How can I set up an SFTP server backed by S3 (or similar)

I answered this same question on Stack Overflow.

s3fs is indeed a reasonable solution, and in my case, I've coupled it with proftpd with excellent results, in spite of the theoretical/potential problems.

At the time I wrote the answer, I had only set this up for one of my consulting clients... but since then, I've also started drinking my own kool-aid and am using it in production at my day job. Companies we exchange data with upload and download files all day long on my sftp server, which is storing everything directly on S3. As a bonus, my report exporting system -- which writes excel spreadsheets directly to S3 -- can export reports "to the FTP server" by simply putting them directly into the ftp server's bucket, with appropriate metadata to show the uid, gid, and mode of each file. (s3fs uses x-amz-meta-uid, -gid, and -mode headers to emulate filesystem permissions). When the client logs on to the server, the report files are just... there.

I do think the ideal solution would probably be an sftp to S3 gateway service, but I still haven't gotten around to designing one, since this solution works really well... with some caveats, of course:

Not all of the default values for s3fs are sane. You will probably want to specify these options:

-o enable_noobj_cache   # s3fs has a huge performance hit for large directories without this enabled
-o stat_cache_expire=30 # the ideal time will vary according to your usage
-o enable_content_md5   # it's beyond me why this safety check is disabled by default

It's probably best to use a region other than US-Standard, because that's the only region that doesn't offer read-after-write consistency on new objects. (Or, if you need to use US-Standard, you can use the almost undocumented hostname your-bucket.s3-external-1.amazonaws.com from the us-east-1 region to prevent your requests from being geo-routed, which may improve consistency.)

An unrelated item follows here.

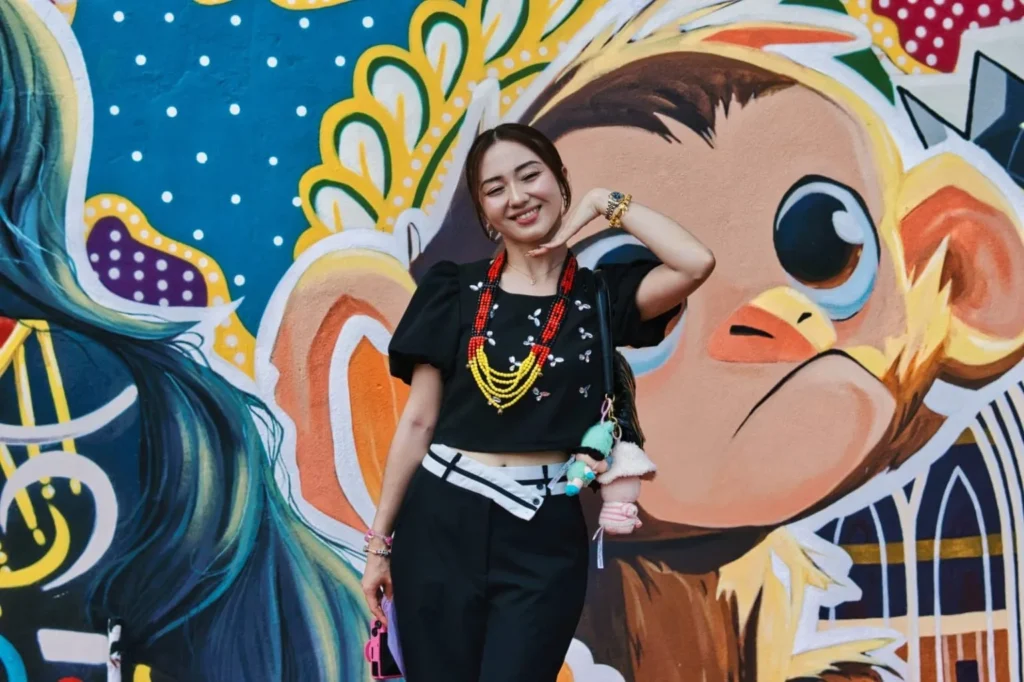 Caring Pharmacy Mural Unveiling l Kota Sentosa Kuching 7 Woman poses in front of a colorful monkey mural beside Caring Pharmacy during the outdoor cultural event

I have object versioning enabled on the bucket, which s3fs is completely unaware of. The benefit of this is that even if a file should get "stomped," I can always go to bucket versioning to recover the "overwritten" file. Object versioning in S3 was brilliantly designed in such a way that S3 clients that are unaware of versioning are in no way disabled or confused, because if you don't make versioning-aware REST calls, the responses S3 returns are compatible with clients that have no concept of versioning.

Note also that transferring data into S3 is free of data transfer charges. You pay only the per-request pricing. Transferring data out of S3 into EC2 within a region is also free of data transfer charges. It's only when you transfer out of S3 to the Internet, to Cloudfront, or to another AWS region that you pay transfer charges. If you want to use the lower-priced reduced-redundancy storage, s3fs supports that with -o use_rrs.

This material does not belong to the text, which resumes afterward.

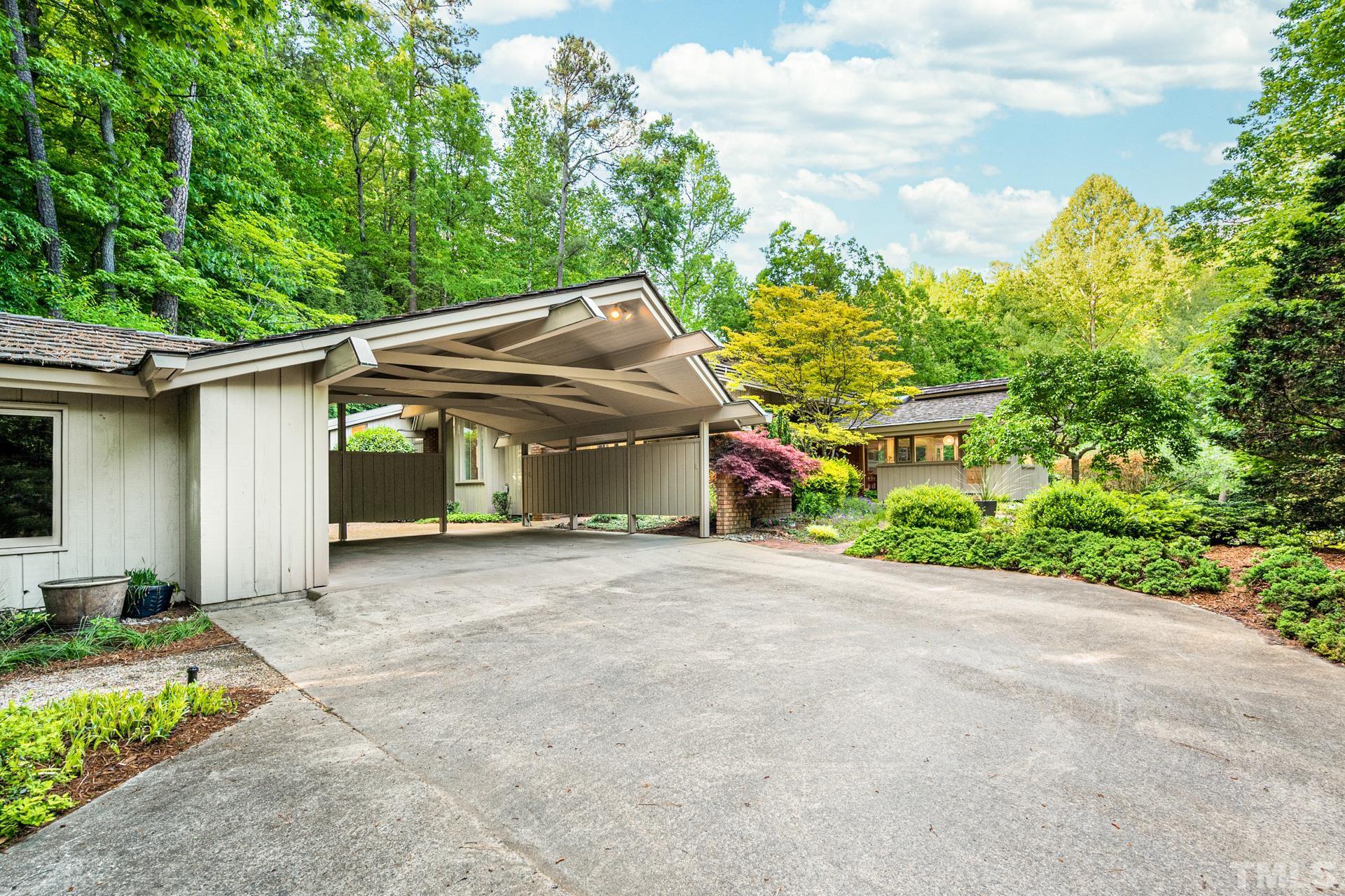 803 Cedar Falls Road Chapel Hill, NC 27514 - Photo 56 of 61 a view of a house with backyard and garden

As an amusing aside, you'll always get a warm fuzzy feeling when you see the 256 terabytes of free space (and 0 used, since a real calculation of sizes is impractical because of the fact that S3 is an object store, not a filesystem).

$ df -h
Filesystem      Size  Used Avail Use% Mounted on
/dev/xvda1      7.9G  1.4G  6.2G  18% /
s3fs            256T     0  256T   0% /srv/s3fs/example-bucket

Of course, you can mount the bucket anywhere. I just happen to have it in /srv/s3fs.


Check out the SFTP Gateway on the AWS Marketplace.

We experienced reliability issues with s3fs, so we developed a custom solution specifically for this purpose. We've been using it in production for several years without issue and have recently released it to the AWS Marketplace.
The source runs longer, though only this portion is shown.